This fear comes from the threat of Kath’s father Kemp (“The Dada” as she is fond of referring to him), who, despite poor health, threatens to turn the young man in for a murder committed years ago. Tom Roberts’ Kemp is a pinched, sour faced curmudgeon who admits to not speaking to his son Ed for 20 years after catching him “committing some kind of felony in the bedroom” as a teen.

Enter Ed, the flamboyant and successful middle-aged son with a talent for witty repartee and a taste for – you guessed it – our Mr. Sloane. John Michael Richardson creates a larger than life character in Ed, delivering his lines with a smooth southern drawl and the brilliant comic timing of Rosalind Russell at her best. Watching Sloane and Eddie size each other up through seemingly innocent, but razor sharp lines of questioning was fascinating. Every query a feint, every answer a parry, the layered conversation soon becomes amusingly heavy with innuendo.

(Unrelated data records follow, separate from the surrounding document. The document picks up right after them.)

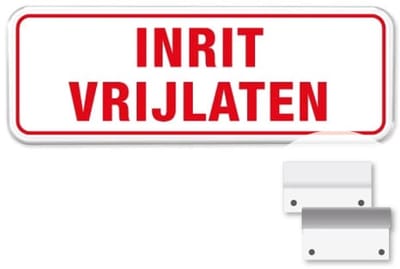 Bord Inrit Vrijlaten - Weerbestendig Aluminium - 40x15 cm - Bevestiging: Met muur-/ wandmontage beugels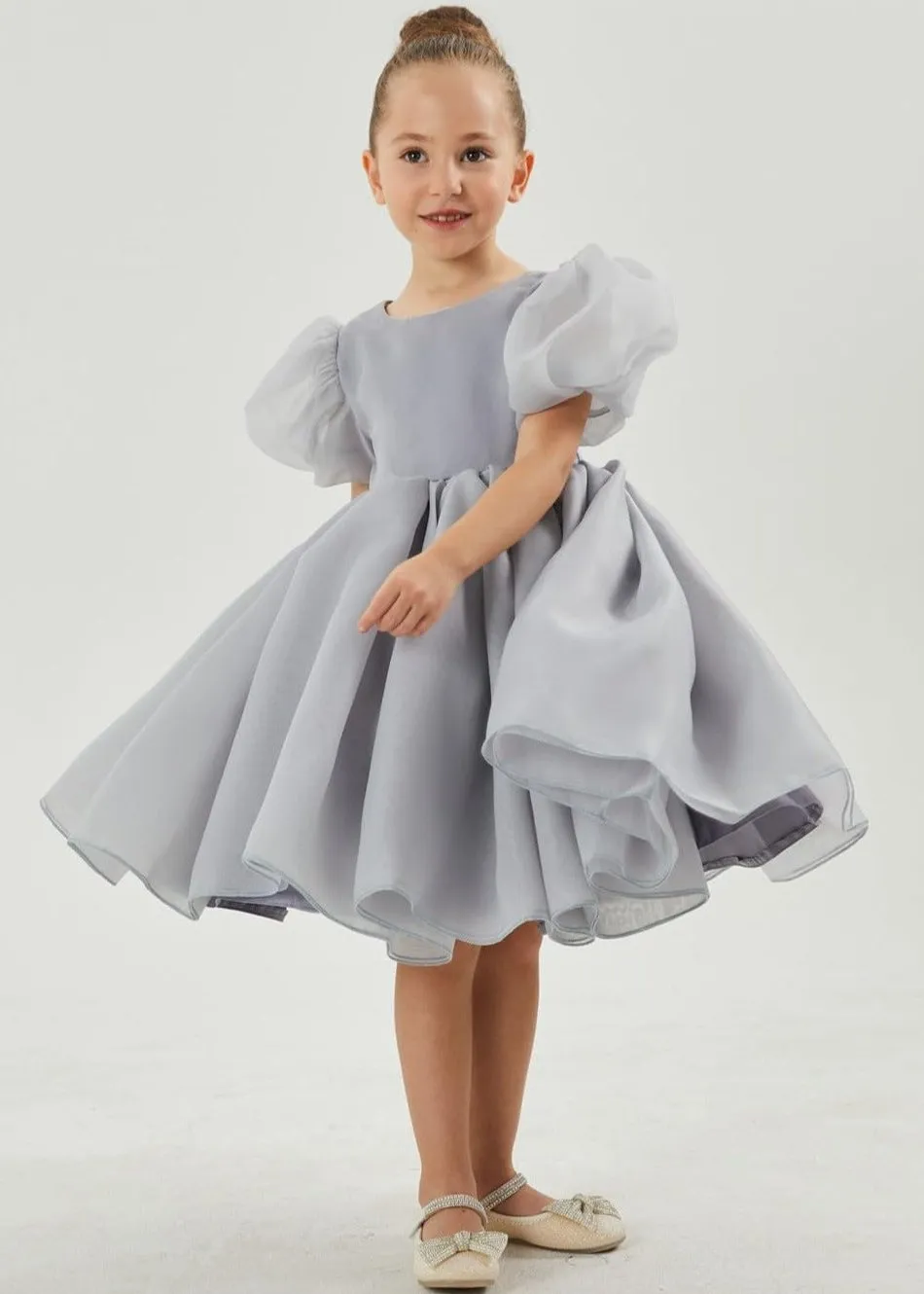 2Bunnies Organza Tulle Babydoll Girl Dress in Silver gray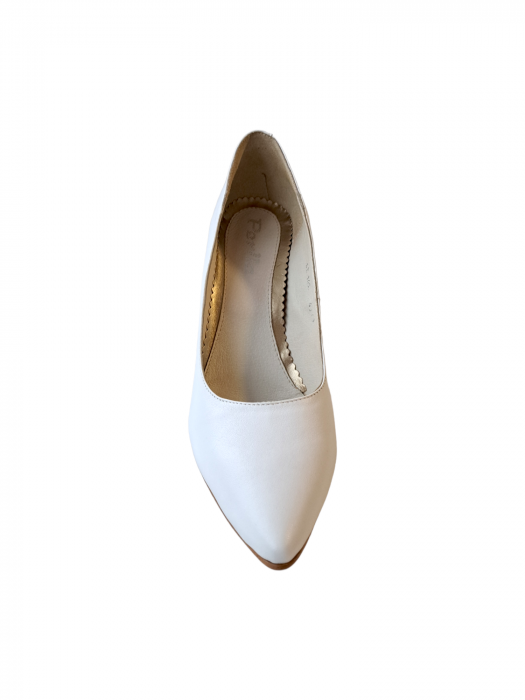 Pantofi cu toc Piele Naturala Perlla Albi Alyona D02989 [4]
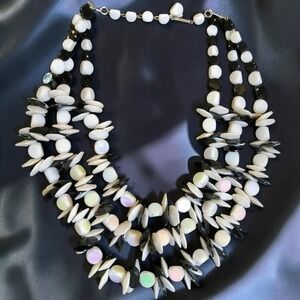 Vintage W Germany Black White‎ AB 3-Strand Necklace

As the play progresses and Orton draws his characters in broader and broader strokes, director Ed Shea deftly keeps the play grounded in reality. Brother and sister are soon squabbling over rights to the young man and Kath secures her territory by not only moving Sloane into her home, but bedding him — while also still playing the “Mother” role. (It is a strange juxtaposition that comes to an even stranger climax when she cries out “Momma!” in the throes of ecstasy at the close of Act One.)

Act Two opens and we see Eddie has “taken in” Sloane as well – hiring him as his chauffeur, complete with a black leather uniform straight from the Schutzstaffel. It is here where Crew starts to explore the darker side of Mister Sloane. Seemingly in the catbird seat, Sloane reigns over the household and even goes in for an occasional beat down of the old man, ostensibly to keep him from reporting Sloane’s murderous past.

To detail anything further would do a disservice to the many twists and turns of this darkly funny and very entertaining production. Kudos to the set designer Trevor Elliott for creating Kath’s decidedly sad and lonely lodgings and the colorfully spot-on ’60s costumes from designer Ron Cesario.